• _Material provided_

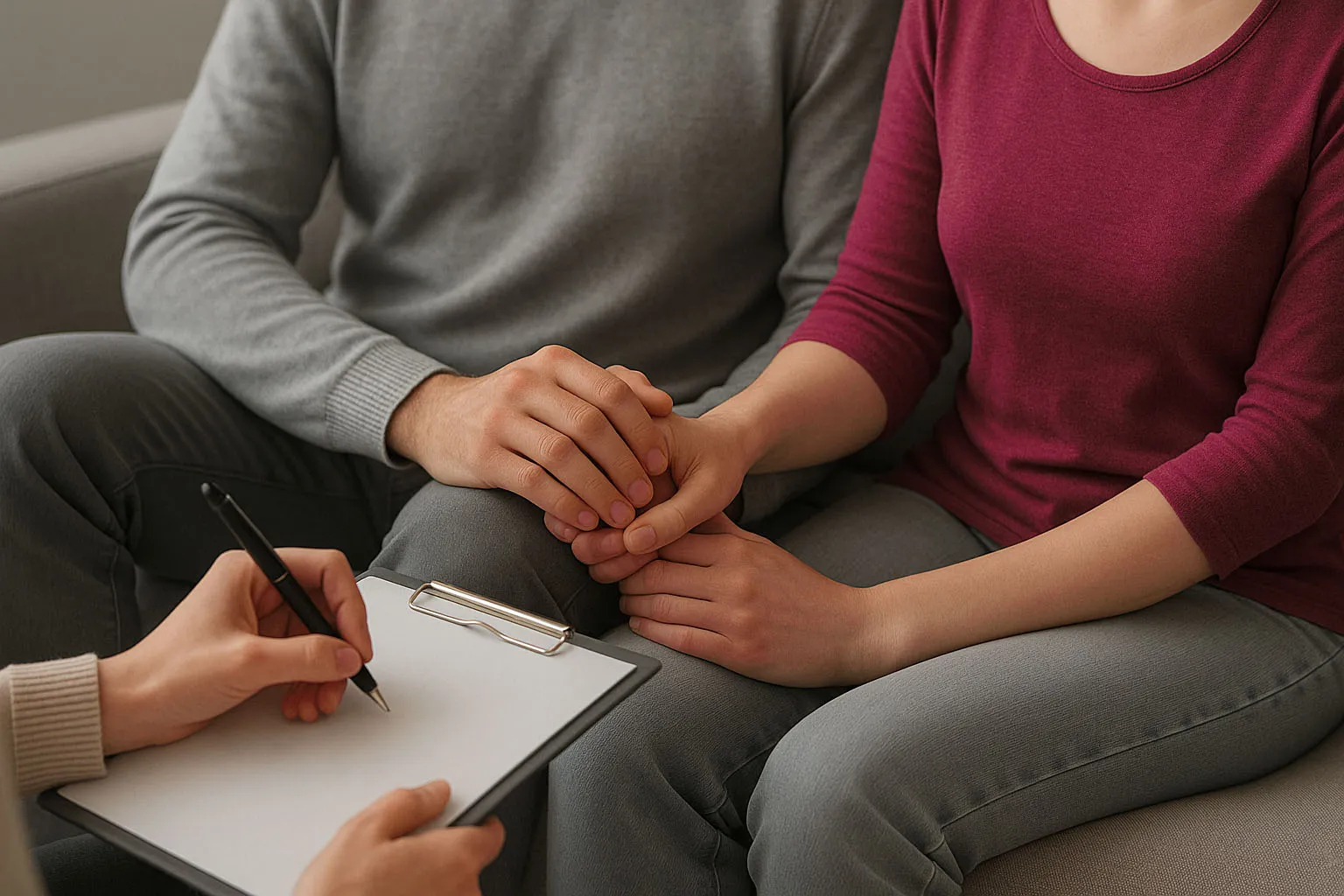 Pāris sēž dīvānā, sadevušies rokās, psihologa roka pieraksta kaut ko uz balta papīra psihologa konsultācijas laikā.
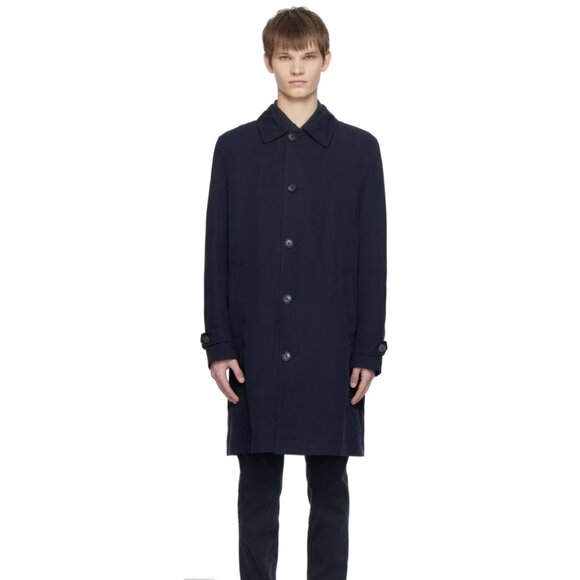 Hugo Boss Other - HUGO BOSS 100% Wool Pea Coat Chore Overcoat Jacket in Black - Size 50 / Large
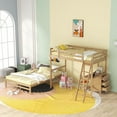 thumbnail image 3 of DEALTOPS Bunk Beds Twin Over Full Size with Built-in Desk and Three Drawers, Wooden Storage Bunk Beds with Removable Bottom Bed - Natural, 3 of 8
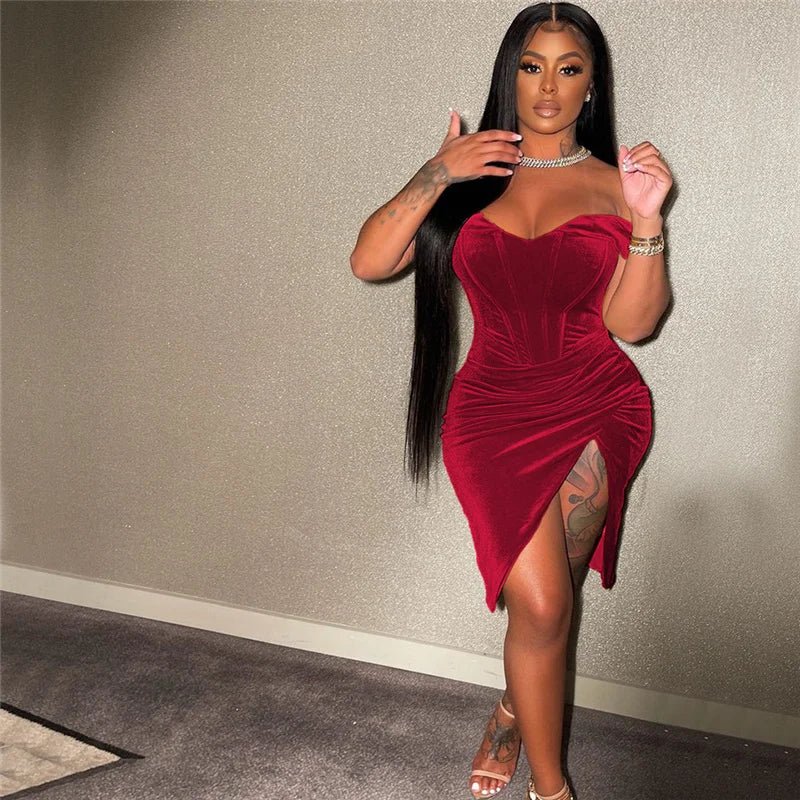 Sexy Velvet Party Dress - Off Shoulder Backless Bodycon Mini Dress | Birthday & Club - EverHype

• _The problem_
In the answer, set down only the lines from the opening line of the listing through the line that holds "thumbnail image 3", exactly as they appear, minus the pictures.

• _Problem solution_
 Pāris sēž dīvānā, sadevušies rokās, psihologa roka pieraksta kaut ko uz balta papīra psihologa konsultācijas laikā.
 Hugo Boss Other - HUGO BOSS 100% Wool Pea Coat Chore Overcoat Jacket in Black - Size 50 / Large
 thumbnail image 3 of DEALTOPS Bunk Beds Twin Over Full Size with Built-in Desk and Three Drawers, Wooden Storage Bunk Beds with Removable Bottom Bed - Natural, 3 of 8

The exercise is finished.